## SUPPLIED MATERIAL
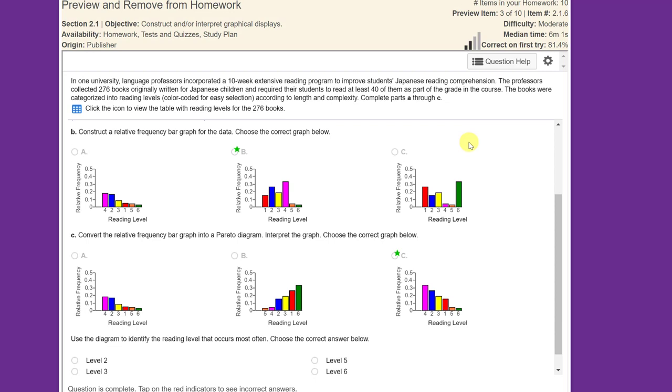Hi, this is Dr. Don. I have problem 2.1.6 from my STAT lab, and it's really a pretty simple problem to solve using STAT crunch, although there are a couple of little things you need to know about using STAT crunch.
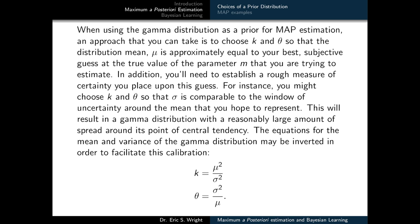Gamma distributions tend to take on one of two shapes: either peaking at x equals 0 and decaying exponentially to the right, or forming a classic bell-shaped curve with its peak somewhere to the right of zero. When using the gamma distribution as a prior, choose k and theta so that the mean mu is approximately equal to your best guess at the true parameter value, and choose sigma comparable to the window of uncertainty around the mean that you hope to represent.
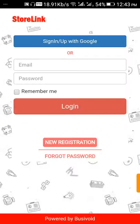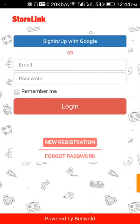You can see the Store Link banner, and our app is open and ready for usage. Click on 'Google Sign Up' — you can directly sign up with Google or go for a new registration. Thank you.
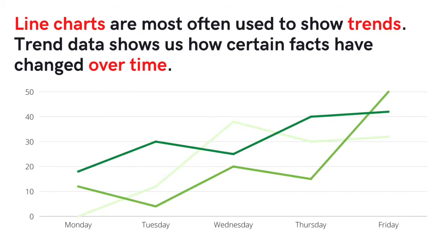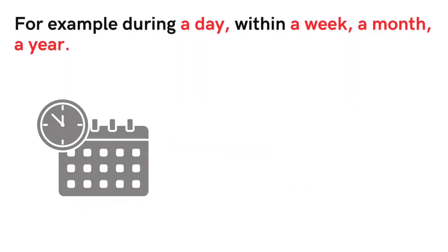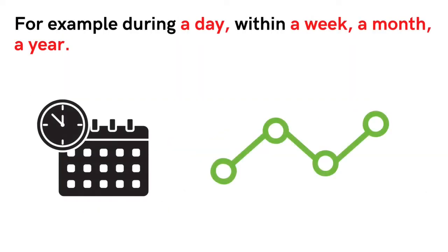Line charts are most often used to show trends. Trend data shows us how certain numbers have changed over time, for example during a day, within a week, a month, or a year.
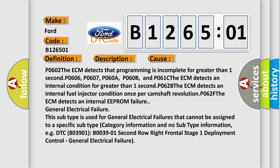For example, DTC B003901: Second row right frontal stage 1 deployment control, general electrical failure.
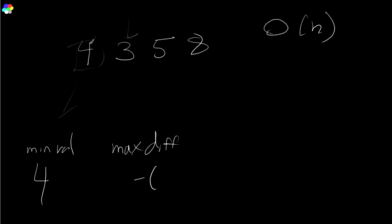And what we do is we see, is this bigger than the minimum that we've seen so far? No. Okay. Then we're going to update our minimum value to this guy. This is now our new minimum. And then we go to the next guy.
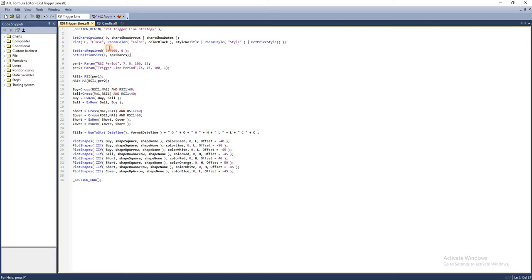The first part of the script is self-explanatory. These are the parameters used for charting and backtesting, which we've already discussed in detail in previous episodes, so I'm skipping this part.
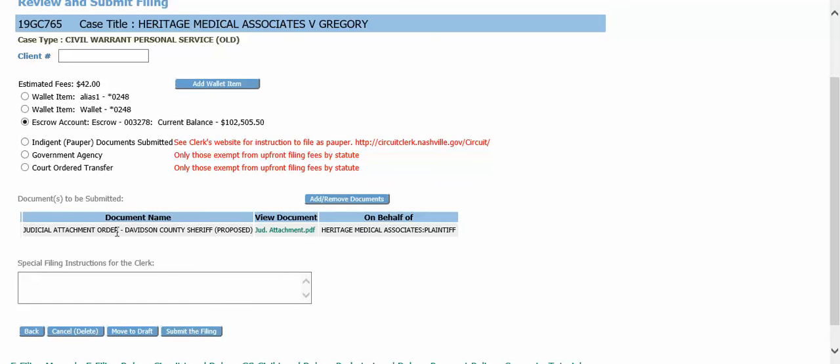The judicial attachment order will go to the Davidson County Sheriff. Again, this is a proposed order that will be sent to the judge.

## WHAT NEEDS TO BE DONE
With all pictures omitted, repeat every record above word for word.

## THE ANSWER
Hi, this is Dr. Don. I have problem 2.1.6 from my STAT lab, and it's really a pretty simple problem to solve using STAT crunch, although there are a couple of little things you need to know about using STAT crunch.
Gamma distributions tend to take on one of two shapes: either peaking at x equals 0 and decaying exponentially to the right, or forming a classic bell-shaped curve with its peak somewhere to the right of zero. When using the gamma distribution as a prior, choose k and theta so that the mean mu is approximately equal to your best guess at the true parameter value, and choose sigma comparable to the window of uncertainty around the mean that you hope to represent.
You can see the Store Link banner, and our app is open and ready for usage. Click on 'Google Sign Up' — you can directly sign up with Google or go for a new registration. Thank you.
Line charts are most often used to show trends. Trend data shows us how certain numbers have changed over time, for example during a day, within a week, a month, or a year.
For example, DTC B003901: Second row right frontal stage 1 deployment control, general electrical failure.
And what we do is we see, is this bigger than the minimum that we've seen so far? No. Okay. Then we're going to update our minimum value to this guy. This is now our new minimum. And then we go to the next guy.
The first part of the script is self-explanatory. These are the parameters used for charting and backtesting, which we've already discussed in detail in previous episodes, so I'm skipping this part.
The judicial attachment order will go to the Davidson County Sheriff. Again, this is a proposed order that will be sent to the judge.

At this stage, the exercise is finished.